> _What is required_
Only the lines below, from the one with "аукциона в Японии" through the one with "Load image into", are to be written out, exactly.

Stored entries

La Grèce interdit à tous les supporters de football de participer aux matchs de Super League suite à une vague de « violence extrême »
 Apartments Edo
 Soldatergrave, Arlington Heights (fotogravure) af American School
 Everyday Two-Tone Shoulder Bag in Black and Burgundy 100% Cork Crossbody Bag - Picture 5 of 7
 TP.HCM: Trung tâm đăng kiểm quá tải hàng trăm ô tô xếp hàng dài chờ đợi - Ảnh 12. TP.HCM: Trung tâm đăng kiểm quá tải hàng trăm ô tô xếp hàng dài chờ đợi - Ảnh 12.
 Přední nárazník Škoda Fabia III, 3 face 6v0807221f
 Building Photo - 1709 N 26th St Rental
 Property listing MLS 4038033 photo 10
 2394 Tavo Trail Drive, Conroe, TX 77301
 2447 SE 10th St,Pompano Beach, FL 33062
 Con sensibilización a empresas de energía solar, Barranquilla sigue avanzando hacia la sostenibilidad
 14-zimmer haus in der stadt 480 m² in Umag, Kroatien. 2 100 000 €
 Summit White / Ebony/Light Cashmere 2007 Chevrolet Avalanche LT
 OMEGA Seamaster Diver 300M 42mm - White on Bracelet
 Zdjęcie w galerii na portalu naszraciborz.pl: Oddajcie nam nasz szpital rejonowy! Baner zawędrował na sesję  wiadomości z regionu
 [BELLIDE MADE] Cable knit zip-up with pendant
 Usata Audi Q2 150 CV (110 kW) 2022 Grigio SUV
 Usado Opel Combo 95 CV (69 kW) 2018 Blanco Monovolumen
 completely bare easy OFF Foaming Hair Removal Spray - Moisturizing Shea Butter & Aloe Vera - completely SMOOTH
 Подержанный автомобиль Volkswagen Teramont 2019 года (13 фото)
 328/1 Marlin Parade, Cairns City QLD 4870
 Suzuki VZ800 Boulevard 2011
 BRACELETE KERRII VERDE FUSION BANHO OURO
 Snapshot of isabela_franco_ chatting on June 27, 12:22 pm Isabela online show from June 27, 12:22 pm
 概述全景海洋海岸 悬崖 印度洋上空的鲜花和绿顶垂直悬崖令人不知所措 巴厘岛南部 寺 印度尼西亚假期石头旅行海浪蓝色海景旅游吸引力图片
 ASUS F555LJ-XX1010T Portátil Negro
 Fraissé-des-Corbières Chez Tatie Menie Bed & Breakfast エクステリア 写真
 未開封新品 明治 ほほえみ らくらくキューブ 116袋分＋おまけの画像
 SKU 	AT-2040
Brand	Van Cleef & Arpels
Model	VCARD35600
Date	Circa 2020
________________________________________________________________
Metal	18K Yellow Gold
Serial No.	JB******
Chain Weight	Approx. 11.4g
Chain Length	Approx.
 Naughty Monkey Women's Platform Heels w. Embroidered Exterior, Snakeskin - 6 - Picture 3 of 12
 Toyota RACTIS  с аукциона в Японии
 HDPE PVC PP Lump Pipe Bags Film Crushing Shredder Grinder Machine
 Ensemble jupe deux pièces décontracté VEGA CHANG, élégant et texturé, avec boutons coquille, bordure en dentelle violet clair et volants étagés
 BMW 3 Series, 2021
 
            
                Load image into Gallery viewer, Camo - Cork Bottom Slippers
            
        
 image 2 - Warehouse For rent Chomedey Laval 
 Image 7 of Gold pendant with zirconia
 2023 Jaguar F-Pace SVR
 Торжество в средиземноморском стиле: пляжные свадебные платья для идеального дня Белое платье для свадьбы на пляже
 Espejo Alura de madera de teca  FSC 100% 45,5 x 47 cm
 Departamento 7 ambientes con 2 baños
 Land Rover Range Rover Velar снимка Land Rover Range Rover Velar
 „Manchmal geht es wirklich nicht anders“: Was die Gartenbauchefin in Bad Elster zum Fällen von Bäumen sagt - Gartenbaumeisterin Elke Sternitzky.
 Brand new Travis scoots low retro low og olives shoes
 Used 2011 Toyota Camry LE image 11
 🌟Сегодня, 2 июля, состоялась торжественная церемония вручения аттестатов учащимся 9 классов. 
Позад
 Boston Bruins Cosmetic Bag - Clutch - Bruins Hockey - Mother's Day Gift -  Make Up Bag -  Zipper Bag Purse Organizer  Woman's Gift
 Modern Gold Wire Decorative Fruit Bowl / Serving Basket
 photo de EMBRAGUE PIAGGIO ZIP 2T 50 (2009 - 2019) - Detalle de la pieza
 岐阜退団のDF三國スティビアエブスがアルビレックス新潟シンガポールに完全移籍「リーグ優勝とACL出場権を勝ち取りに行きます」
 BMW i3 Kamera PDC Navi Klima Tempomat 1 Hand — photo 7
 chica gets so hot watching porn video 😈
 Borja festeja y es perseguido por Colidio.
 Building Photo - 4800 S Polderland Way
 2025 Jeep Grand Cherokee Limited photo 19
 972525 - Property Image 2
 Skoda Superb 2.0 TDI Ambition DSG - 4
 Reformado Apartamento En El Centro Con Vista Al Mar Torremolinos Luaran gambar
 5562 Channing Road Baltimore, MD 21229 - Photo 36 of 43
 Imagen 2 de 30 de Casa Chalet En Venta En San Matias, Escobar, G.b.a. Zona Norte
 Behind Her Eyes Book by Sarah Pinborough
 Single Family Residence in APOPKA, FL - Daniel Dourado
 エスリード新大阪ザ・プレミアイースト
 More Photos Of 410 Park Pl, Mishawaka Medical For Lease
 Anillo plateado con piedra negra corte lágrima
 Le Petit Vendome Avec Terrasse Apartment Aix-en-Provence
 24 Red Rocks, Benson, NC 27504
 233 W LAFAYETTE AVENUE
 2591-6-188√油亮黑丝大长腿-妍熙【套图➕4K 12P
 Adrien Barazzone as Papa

> _Problem solution_
 Toyota RACTIS  с аукциона в Японии
 HDPE PVC PP Lump Pipe Bags Film Crushing Shredder Grinder Machine
 Ensemble jupe deux pièces décontracté VEGA CHANG, élégant et texturé, avec boutons coquille, bordure en dentelle violet clair et volants étagés
 BMW 3 Series, 2021
 
            
                Load image into Gallery viewer, Camo - Cork Bottom Slippers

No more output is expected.